→ SOURCE MATERIAL:
-*-*-
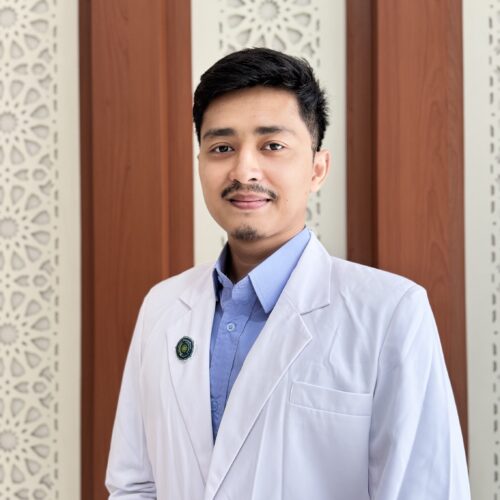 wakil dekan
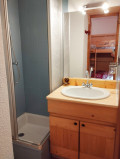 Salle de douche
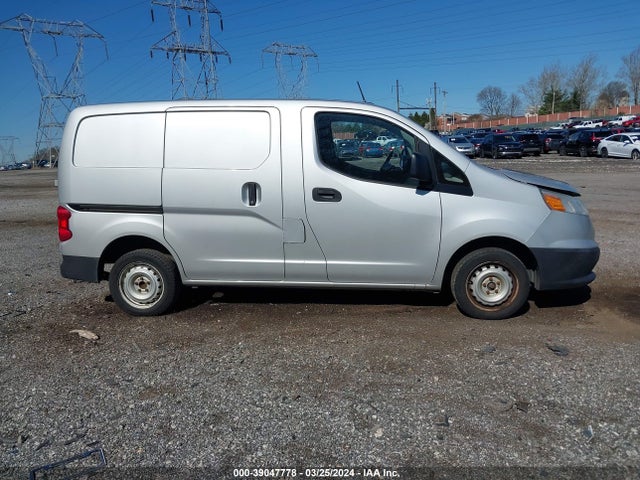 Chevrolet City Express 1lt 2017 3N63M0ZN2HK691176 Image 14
-*-*-
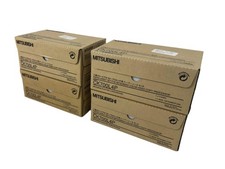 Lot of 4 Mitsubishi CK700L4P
-*-*-
→ PROMPT:
Copy only what runs above from the line containing "Salle de douche" through the line containing "Chevrolet City Express", exactly. Leave out the pictures.

→ OUTPUT OF THE EXERCISE:
 Salle de douche
 Chevrolet City Express 1lt 2017 3N63M0ZN2HK691176 Image 14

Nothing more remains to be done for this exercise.